Eg: Agricultural Census 2015-16 shows women hold only about 13–14% of operational landholdings.
- Title–Cultivation Gap: Women frequently cultivate land but do not possess legal ownership.
Eg: Widows and wives managing farms during male migration cultivate land registered in husbands’ names.
- Gendered Labour Roles: Women undertake labour-intensive tasks while men control farm decisions and market transactions.
Eg: Women dominate paddy transplanting in eastern India, while men handle crop marketing.
- Migration Feminisation: Male migration increases women’s agricultural workload without increasing ownership rights.
Eg: In Bihar and Odisha, women increasingly manage farms as men migrate for urban employment.
- Data Invisibility: Agricultural statistics often classify women as helpers rather than farmers.
Eg: Labour surveys frequently record women as “unpaid family workers” instead of cultivators.
- Cultural Bias: Social norms continue to associate farming authority with men.
Eg: Village land records and farmer leadership positions are overwhelmingly male-dominated.

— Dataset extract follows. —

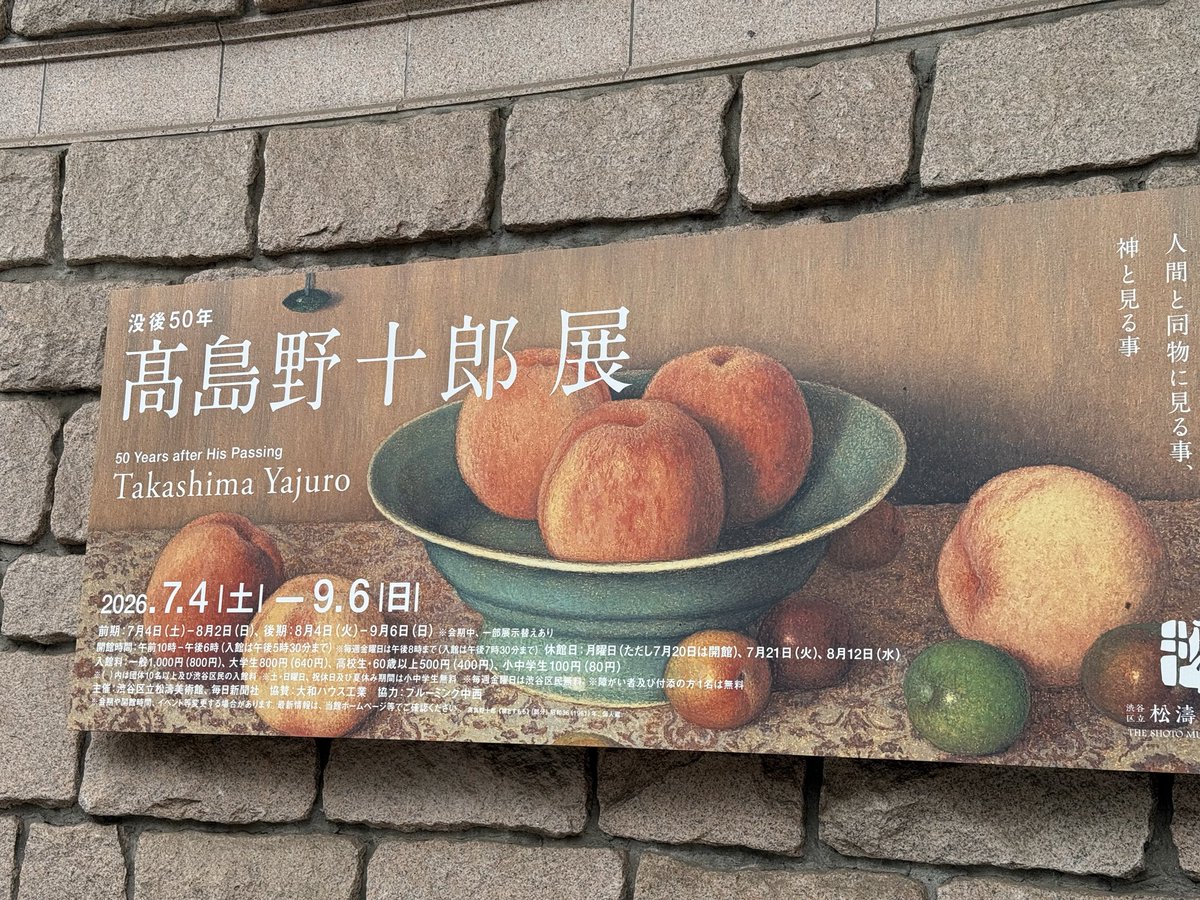 kikyomomo's tweet photo. 見に行きたかった没後50年高島野十郎展
渋谷区松濤美術館
もう後期展になっていました。
平日でも混んでいるので平日行くのがおすすめ

親しい人にプレゼントした蝋燭の作品。微妙に違いがあってあげる方をイメージして書いたのですかね。 https://t.co/AiPKJtiUz7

Factors leading to exclusion from institutional support
- Credit Exclusion: Lack of land titles restricts women’s access to formal agricultural loans.
Eg: Women without land ownership face barriers in obtaining Kisan Credit Cards (KCC).
- Scheme Exclusion: Many government benefits are linked to land ownership records.
Eg: PM-KISAN income support primarily reaches registered landowners.
- Extension Gap: Agricultural training and advisory services largely target male farmers.
Eg: Participation of women in Krishi Vigyan Kendra training programmes remains limited.
- Institutional Underrepresentation: Women are underrepresented in farmer cooperatives and producer organisations.
Eg: Leadership positions in Farmer Producer Organisations (FPOs) are mostly held by men.
- Technology Access Gap: Women face barriers in accessing farm machinery and inputs.
Eg: Ownership of tractors and irrigation equipment is concentrated among male farmers.
- Social Protection Gap: Women agricultural workers often lack coverage under crop insurance and welfare programmes.
Eg: Pradhan Mantri Fasal Bima Yojana benefits mainly reach landholding farmers.
Conclusion
The invisibility of women farmers is rooted in structural inequalities in land ownership, institutional access and social recognition. Addressing these challenges requires gender-sensitive land rights, improved data recognition, and targeted agricultural support, ensuring women farmers receive equal access to credit, technology and welfare schemes.